The soaring debt stock was primarily attributed to the depreciation of the cedi during the said period and a moderate expansion in domestic debt, which amounted to GHS 15.9 billion. The resultant impact of these factors underscores the urgency for the government to implement measures to address the mounting fiscal challenges.
Measured in dollar terms, Ghana’s debt stock now stands at a substantial $52 billion, signifying the gravity of the situation and the scale of the fiscal headwinds facing the country. In comparison, the debt stock stood at GHS 434.6 billion, representing approximately 71.2% of GDP, at the end of December 2022, reflecting an alarming escalation within a relatively short span.
The Bank of Ghana’s July 2023 Summary of Economic and Financial Data further revealed the trajectory of the debt burden, showing consecutive increases in January, February, and March 2023, reaching GHS 547.8 billion ($50.7 billion), GHS 564.1 billion ($51.2 billion), and GHS 569.5 billion ($51.7 billion), respectively.

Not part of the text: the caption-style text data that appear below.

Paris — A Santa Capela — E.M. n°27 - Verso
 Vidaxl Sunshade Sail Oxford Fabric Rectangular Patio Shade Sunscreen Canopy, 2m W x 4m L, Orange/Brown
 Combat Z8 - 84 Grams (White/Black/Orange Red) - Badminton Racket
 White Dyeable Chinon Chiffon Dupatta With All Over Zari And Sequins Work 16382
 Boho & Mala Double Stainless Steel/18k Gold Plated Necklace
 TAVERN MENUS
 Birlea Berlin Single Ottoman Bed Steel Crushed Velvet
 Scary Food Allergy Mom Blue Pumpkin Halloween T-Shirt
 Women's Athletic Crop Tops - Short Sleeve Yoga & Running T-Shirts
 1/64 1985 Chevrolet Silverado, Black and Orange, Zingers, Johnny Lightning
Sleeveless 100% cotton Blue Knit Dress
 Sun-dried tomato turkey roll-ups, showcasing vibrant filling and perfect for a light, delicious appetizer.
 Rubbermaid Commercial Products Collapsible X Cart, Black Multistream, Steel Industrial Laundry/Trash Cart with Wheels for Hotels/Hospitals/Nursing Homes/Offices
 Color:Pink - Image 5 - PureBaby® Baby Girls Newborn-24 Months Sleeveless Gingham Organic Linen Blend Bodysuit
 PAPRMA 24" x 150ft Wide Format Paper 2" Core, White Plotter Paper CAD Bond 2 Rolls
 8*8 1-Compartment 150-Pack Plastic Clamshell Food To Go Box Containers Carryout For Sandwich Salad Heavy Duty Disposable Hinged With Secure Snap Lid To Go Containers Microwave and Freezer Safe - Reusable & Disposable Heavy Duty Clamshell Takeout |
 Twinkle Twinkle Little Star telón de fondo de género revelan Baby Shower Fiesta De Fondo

Examining the components of the total public debt, the external portion amounted to $29.3 billion (¢321.4 billion) in April 2023, marking an uptick from $29.0 billion (¢240.9 billion) reported in December 2022, underscoring the strain on external liabilities.
In contrast, the domestic debt surged to ¢247.9 billion by the end of April 2023, comprising approximately 30.9% of GDP. This represented a notable shift from the GHS 232.3 billion figure reported in December 2022, which accounted for around 38.1% of GDP.
The rise in Ghana’s nominal GDP by GHS 190.7 billion between December 2022 and April 2023 was driven by increased prices of goods and services within the country, spurred by persistently high inflation rates.
As the nation grapples with this mounting fiscal challenge, the government’s efforts to restructure domestic debt and secure the $3 billion Extended Credit Facility (ECF) programme approval from the International Monetary Fund indicate a commitment to address the debt burden.
Nevertheless, Ghana’s path towards fiscal stability hinges on successful negotiations with external creditors and the implementation of sustainable fiscal policies to navigate the current financial landscape and ensure a prosperous economic future.